Subject to the rules of the NYSE, from and after March 12, 2021, each Aeva Founder is entitled to nominate himself to continue to serve on the Board of Directors until such time as he holds less than 5% of our outstanding common stock (or his earlier death or incapacity), and we will include such nominees in our proxy materials for each applicable meeting of stockholders and, subject to applicable law and the exercise of fiduciary duties, recommend to our stockholders that each such nominee be elected at such meeting. Mr. Rezk will serve as Chairman of the Board of Directors for so long as he is a director. In the event Mr. Rezk is no longer a director, then Mr. Salehian will serve as the Chairman of the Board of Directors so long as he is a director.

Indemnification Agreements

The Company has entered into separate indemnification agreements with its directors and executive officers, in addition to the indemnification provided for in the Second Amended and Restated Certificate of Incorporation and the Amended and Restated By-laws. These agreements, among other things, will require the Company to indemnify our directors and executive officers for certain expenses, including attorneys; fees, judgments, fines and settlement amounts incurred by a director or executive officer in any action or proceeding arising out of their services as one of the Company’s directors or executive officers or as a director or executive officer of any other company or enterprise to which the person provides services at the Company’s request. The Company believes that these charter provisions and indemnification agreements are necessary to attract and retain qualified persons as directors and officers.

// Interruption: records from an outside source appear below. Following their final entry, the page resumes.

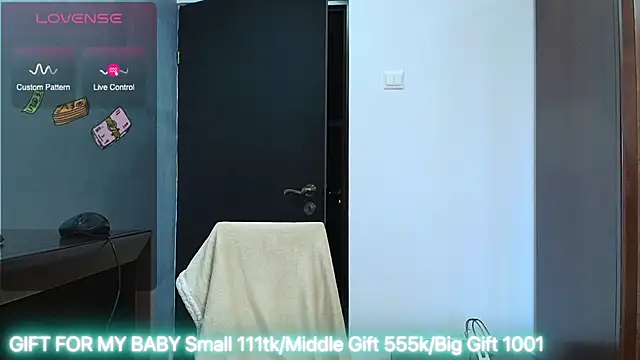 mysterious_1xxx live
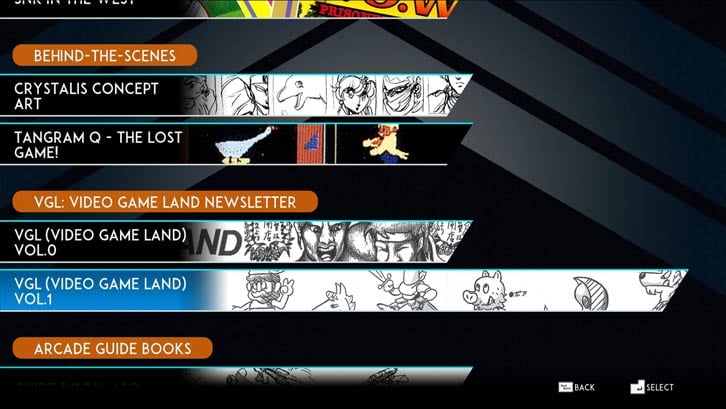 SNK 40th Anniversary Collection image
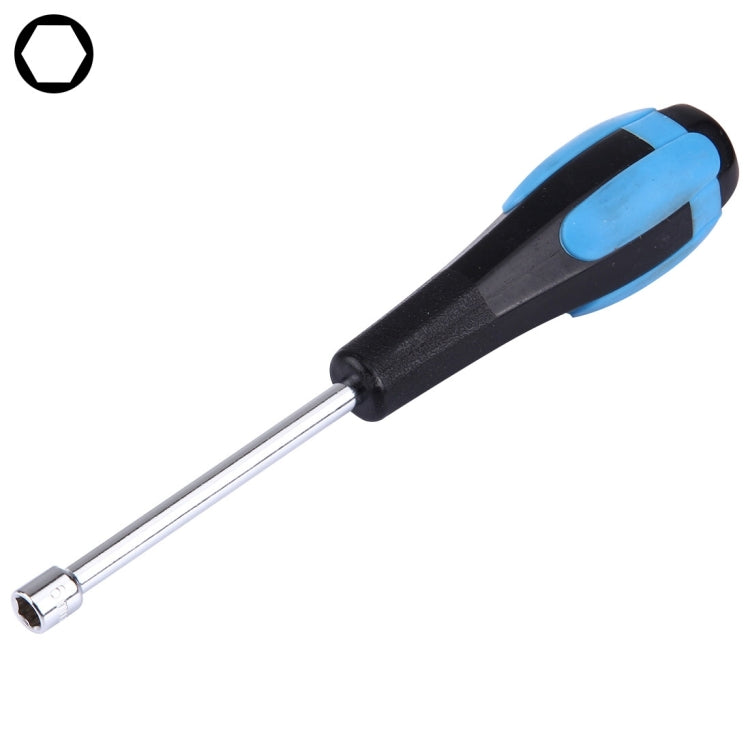 WLXY Precision 6mm Socket Head Screwdriver, WL-2210 6mm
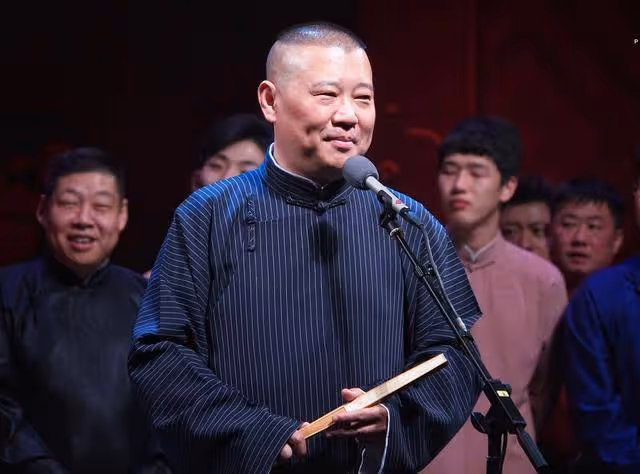 趙本山多次幫助郭德綱,如今德雲社遍布全國,卻唯獨沒有開到瀋陽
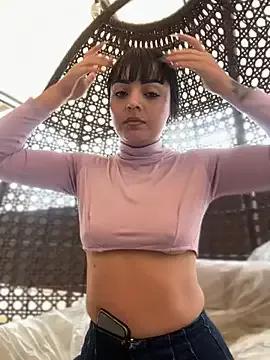 cam to cam sexiness with Girls streamers. Explore the newest collection of intense camshows from our capable horny hosts.
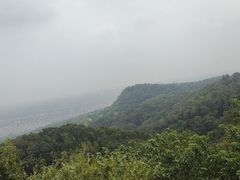 -南京市江宁方山
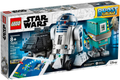 75253 Droid Commander (Retired) LEGO Star Wars product image 1, provided for visual reference and product detail review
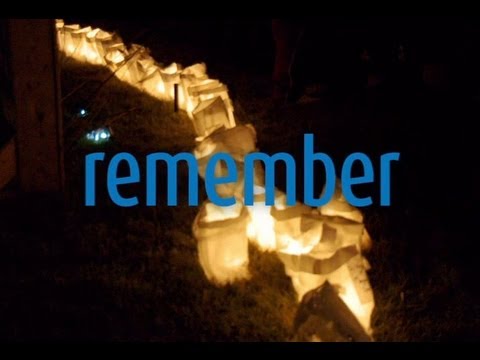 Relay For Life - Remember! - Relay For Life - Remember!
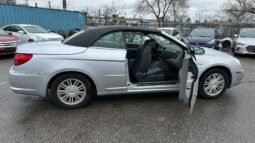 2008 Chrysler  Sebring full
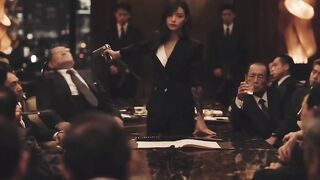 GANGSTER'S PARADISE: MODERN TOKYO - The Female Yakuza Boss Who Controls The City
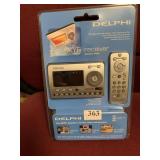 Delphi Sky Fi receiver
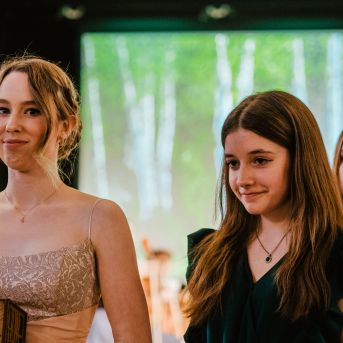 Izlaidums - Foto: Līna Zvejniece un Guntars Petrovics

The limitation of liability and indemnification provisions in the Second Amended and Restated Certificate of Incorporation and the Amended and Restated By-laws may discourage stockholders from bringing a lawsuit against directors for breach of their fiduciary duties. They may also reduce the likelihood of derivative litigation against directors and officers, even though an action, if successful, might benefit the Company and its stockholders. A stockholder’s investment may decline in value to the extent we pay the costs of settlement and damage awards against directors and officers pursuant to these indemnification provisions.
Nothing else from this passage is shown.